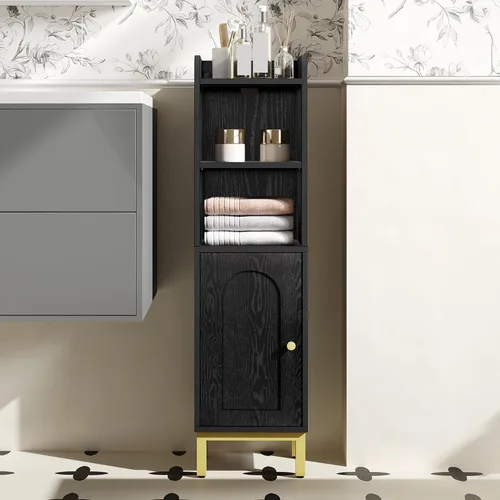Vista 12 de Hzuaneri Gabinete de almacenamiento de baño, pequeño gabinete de piso de Marrón rústico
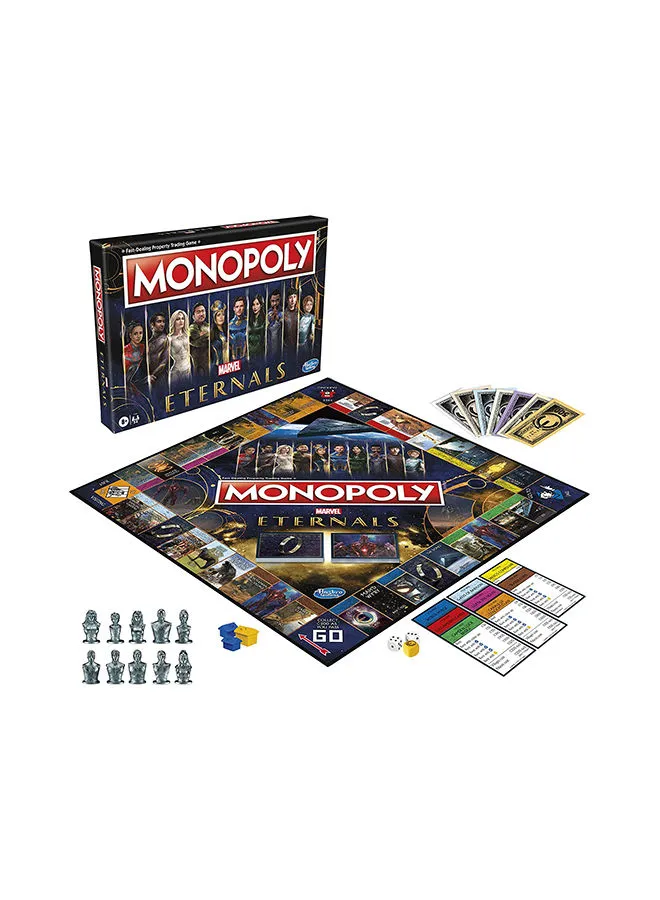 لعبة Monopoly Marvel Studios Eternals Edition Hasbro Board Game لمحبي Marvel، لعبة من أجل 2-6 لاعبين، والأطفال من سن 8 سنوات فما فوق للبالغين والمراهقين، لعبة منزلية داخلية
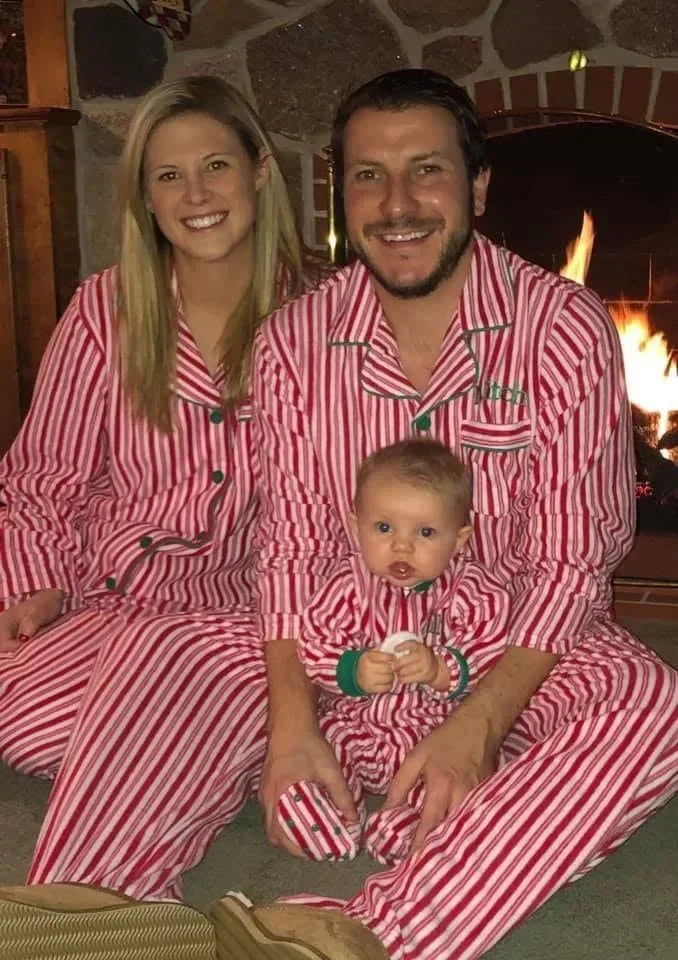 Striped Button-Front Family Christmas Pajamas – Mom, Dad, Kids & Baby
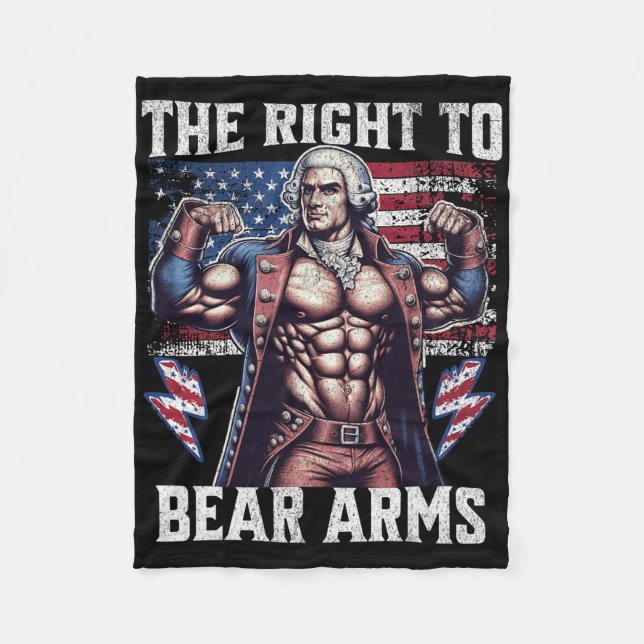 Couverture Polaire 4th Of July Dad Usa Flag 2nd Bear Arms Bodybuildin (Devant)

- WHAT TO WORK ON -
Take the lines of the material above from the first through the one containing "Striped Button-Front Family", both included, and print them exactly without the pictures.

- WORKED SOLUTION -
Vista 12 de Hzuaneri Gabinete de almacenamiento de baño, pequeño gabinete de piso de Marrón rústico
 لعبة Monopoly Marvel Studios Eternals Edition Hasbro Board Game لمحبي Marvel، لعبة من أجل 2-6 لاعبين، والأطفال من سن 8 سنوات فما فوق للبالغين والمراهقين، لعبة منزلية داخلية
 Striped Button-Front Family Christmas Pajamas – Mom, Dad, Kids & Baby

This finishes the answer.